Future link prediction is a fundamental challenge in various real-world dynamic systems. To address this, numerous temporal graph neural networks (temporal GNNs) and benchmark datasets have been developed. However, these datasets often feature excessive repeated edges and lack complex sequential dynamics, a key characteristic inherent in many real-world applications such as recommender systems and ``Who-To-Follow'' on social networks. This oversight has led existing methods to inadvertently downplay the importance of learning sequential dynamics, focusing primarily on predicting repeated edges. In this study, we demonstrate that existing methods, such as GraphMixer and DyGFormer, are inherently incapable of learning simple sequential dynamics, such as ``a user who has followed OpenAI and Anthropic is more likely to follow AI at Meta next.'' Motivated by this issue, we introduce the Temporal Graph Benchmark with Sequential Dynamics (TGB-Seq), a new benchmark carefully curated to minimize repeated edges, challenging models to learn sequential dynamics and generalize to unseen edges. TGB-Seq comprises large real-world datasets spanning diverse domains, including e-commerce interactions, movie ratings, business reviews, social networks, citation networks and web link networks. Benchmarking experiments reveal that current methods usually suffer significant performance degradation and incur substantial training costs on TGB-Seq, posing new challenges and opportunities for future research. TGB-Seq datasets, leaderboards, and example codes are available at https://tgb-seq.github.io/.

Paper Structure

This paper contains 18 sections, 3 equations, 5 figures, 9 tables.

Figures (5)

  • Figure 1: The MRR scores of three selected temporal GNNs and SGNN-HN on two existing datasets (Wikipedia, Reddit) and two recommendation datasets (Yelp and Taobao).
  • Figure 2: The MRR scores of eight popular temporal GNNs for predicting repeated historical edges on four previously established datasets. "Unseen" denotes the performance of unseen edges.
  • Figure 3: Toy example of sequential dynamics in a temporal graph. The bipartite graph consists of users and items. The first user in group $u$, $u_0$, interacts sequentially with items $\{i_k\}_{k=0}^{k=4}$ at time $\{t_k\}_{k=0}^{k=4}$, respectively. Similarly, the first user in group $v$, $v_0$, interacts sequentially with items $\{i_k\}_{k=5}^{k=9}$ at the same timestamps $\{t_k\}_{k=0}^{k=4}$ as $u_0$. The second users, $u_1$ and $v_1$, follow a similar interaction pattern but interact with items at different times compared to the first users.
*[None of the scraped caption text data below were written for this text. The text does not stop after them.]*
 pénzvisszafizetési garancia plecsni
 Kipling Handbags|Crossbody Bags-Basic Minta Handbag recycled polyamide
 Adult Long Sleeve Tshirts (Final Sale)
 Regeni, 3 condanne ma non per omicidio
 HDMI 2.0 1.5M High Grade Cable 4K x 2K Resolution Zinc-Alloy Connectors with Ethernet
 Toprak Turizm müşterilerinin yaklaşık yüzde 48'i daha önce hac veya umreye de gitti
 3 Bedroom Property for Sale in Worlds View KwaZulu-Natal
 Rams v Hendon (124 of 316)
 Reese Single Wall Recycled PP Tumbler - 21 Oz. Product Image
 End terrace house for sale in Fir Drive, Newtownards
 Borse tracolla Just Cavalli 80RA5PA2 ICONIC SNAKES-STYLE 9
All other users interact with items in a comparable sequential manner. A test sample queries whether the test node will interact with $i_4$ or $i_9$ at time $t_T$, based on its four previous interactions from $t_{T-4}$ to $t_{T-1}$.
  • Figure 4: The average training cost per epoch of eight popular temporal GNN methods on GoogleLocal, Patent, and Yelp datasets consists of 1.9M, 12.7M, and 19.7M edges, respectively.
  • Figure 5: Distribution of node degree on our TGB-Seq dataset.